En fait, il me semble que l’erreur réside dans la généralisation des primaires, soit la volonté de les institutionnaliser qu’ont certains. Cela peut être un outil ponctuellement utile, mais cela n’est pas automatiquement un instrument de consolidation de l’ordre démocratique. Du reste, deux tours de primaire pour chaque grand parti, plus deux tous de présidentielle, plus deux tours de législatives en un an, cela fait beaucoup ! Cela renforce la personnalisation, forge de l’abstention aux législatives et use la légitimité donc à terme, la confiance. En termes de bilan institutionnel, on peut mieux faire.
Vous défendez, à l’inverse la pratique référendaire, mais tout le monde n’est pas de Gaulle et certains de nos Présidents y ont laissé des plumes…
J’insiste surtout sur un rapprochement élu-électeur en cours de mandat via notamment les Civic-tech, afin que l’inclusion des publics soit plus constante. Le référendum est l’un des outils.

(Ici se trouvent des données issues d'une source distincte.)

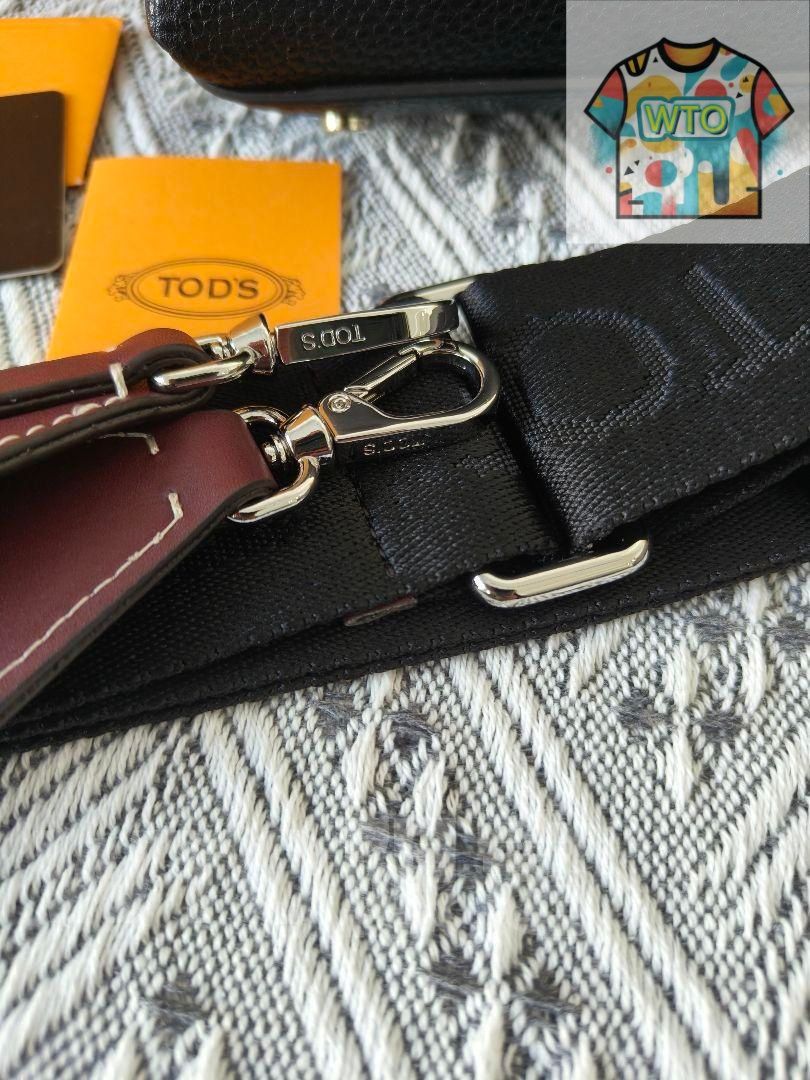 ショルダーバッグ ブラック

Et, il est dangereux, devant donc être utilisé rarement et sur des enjeux marquants. Il sert à renouer la confiance entre l’élu de la Nation et le peuple. De Gaulle le premier y a laissé des plumes, car il s’en est servi comme d’un 49.3 présidentiel. En cas de refus de confiance, il démissionnait, ce qu’il fît en 1969. Cela a le mérite de responsabiliser le présidentialisme.
Jacques Chirac par deux fois (quinquennat et surtout Traité européen) a pratiqué le référendum à rebours de l’inspiration gaullienne. Depuis, plus rien ! Donc, si l’usage du référendum doit retrouver un peu de vigueur, il faut prévenir toute dérive populiste en instaurant préalablement un contrôle de constitutionnalité et peut-être en revenir à la convention gaullienne. Cela éviterait les fins de mandat inutiles car paralysées (Chirac entre 2005 et 2007).

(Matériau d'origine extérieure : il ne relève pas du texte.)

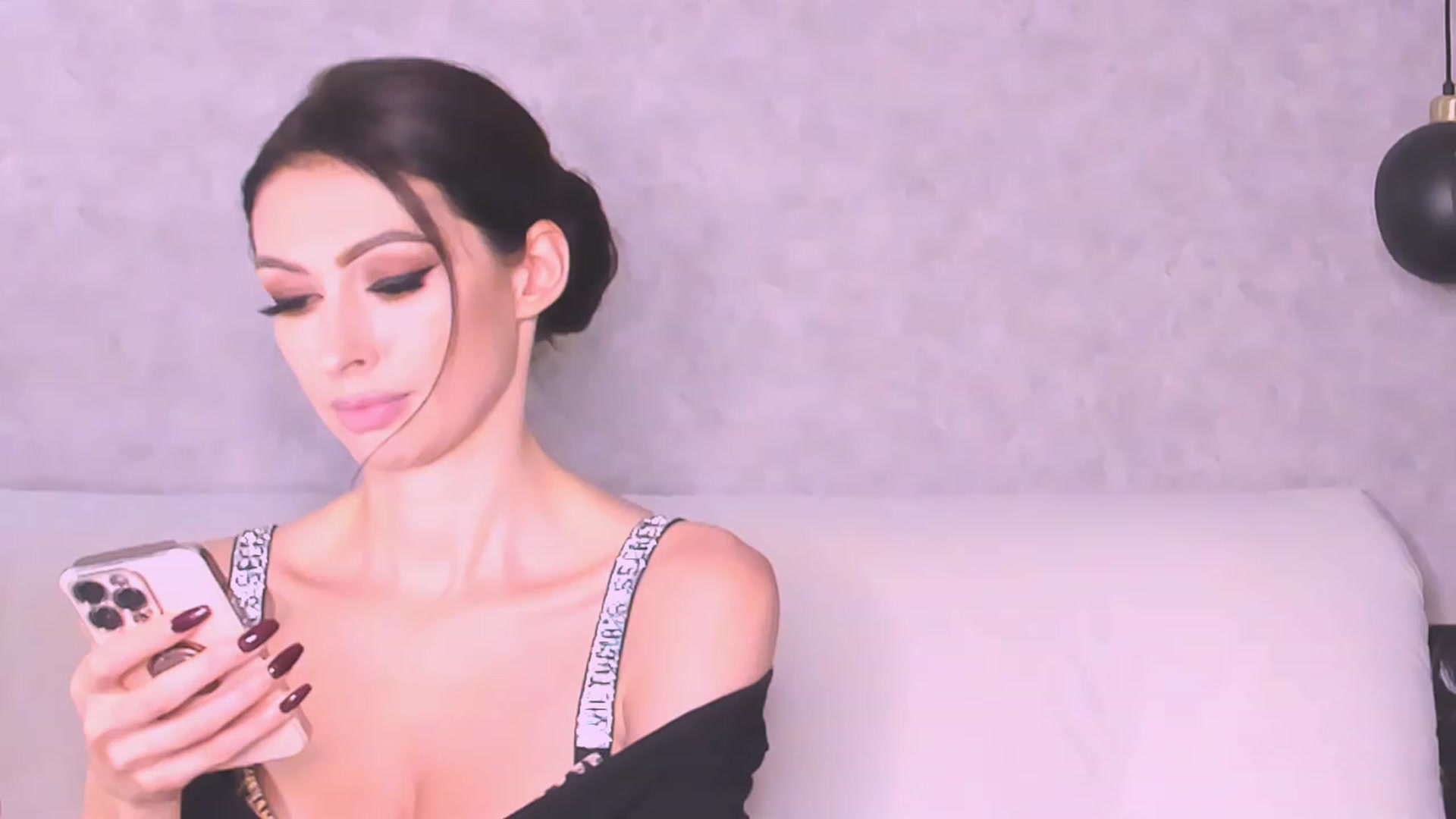 Gallery image thumbnail from AloeVera's myfreecams stream on, 10/27/2023, 24:01 image 10 of 20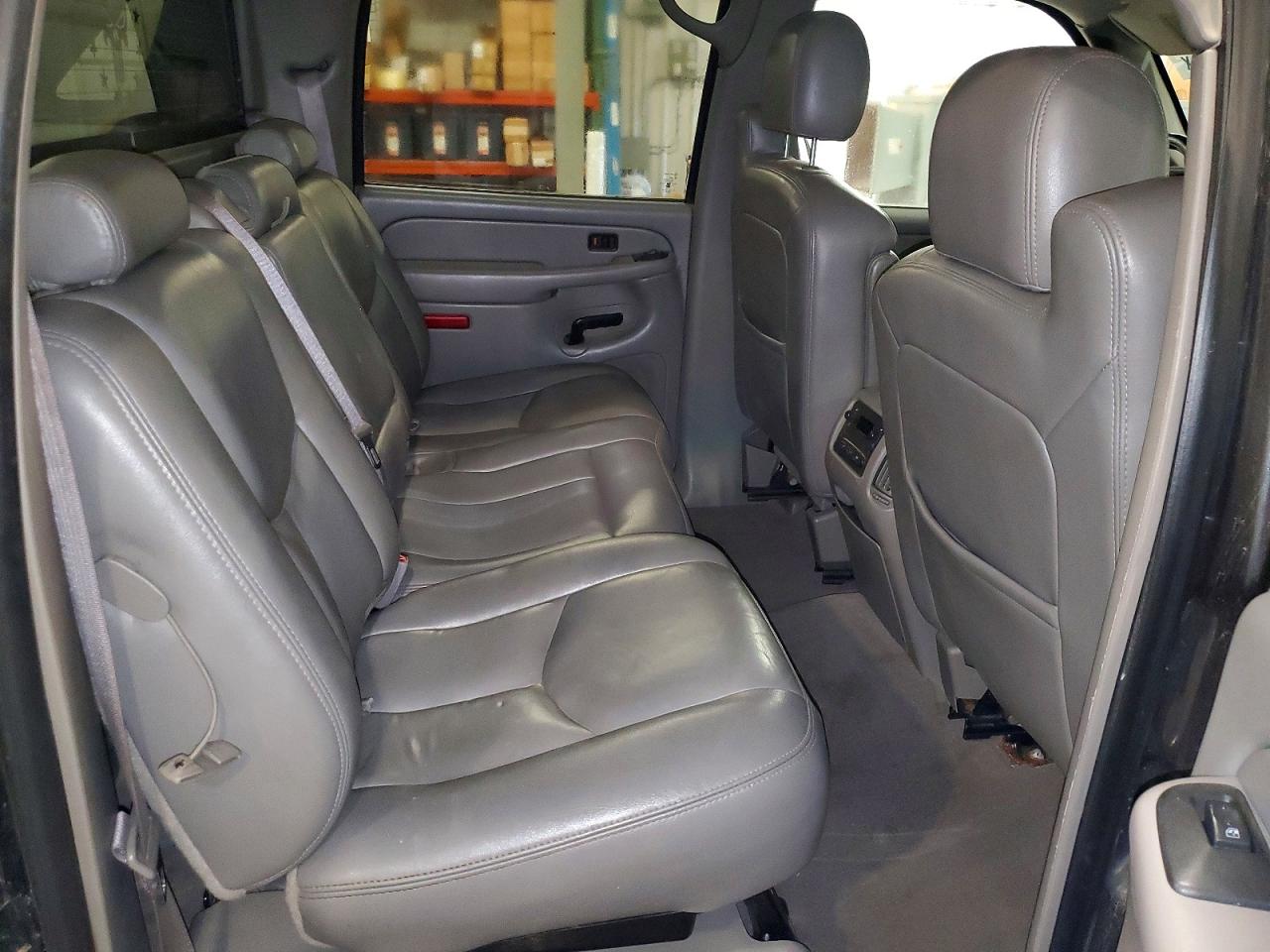 2005 Chevrolet Avalanche K1500 Gray vin: 3GNEK12Z45G244889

N’y-a-t-il pas une leçon à tirer d’un mouvement comme celui des Indignés en Espagne, qui a su s’incarner en parti politique, Podemos, relativement représentatif du mouvement populaire spontané initial ?
Bien sûr ! Ce mouvement émergent indique à quel point l’intérêt pour la vie de la cité reste la base du lien social. La politique reste au cœur des préoccupations. L’expérience est d’autant plus intéressante qu’elle n’en est pas restée à l’état de laboratoire ; elle a débouché sur des prises de pouvoirs locaux et sur des résultats honorables au Parlement. Même si le parti est en crise de croissance et doit trancher entre une posture d’opposant ou de parti de gouvernement, cette créativité espagnole indique à quel point les partis politiques sont le socle de la démocratie. L’essentiel ne réside pas dans l’attachement névrotique à un Président, mais dans l’apprentissage et dans le développement de collectifs capables de prendre des responsabilités. La démocratie est avant tout délibérative, même si elle a besoin d’efficacité et d’incarnation. L’histoire française a aussi été construite autour de ces principes.
(1) Sondage ViaVoice, FJJ, Revue civique, 5-9 septembre 2016, sur 1000 personnes, quotas, stratification.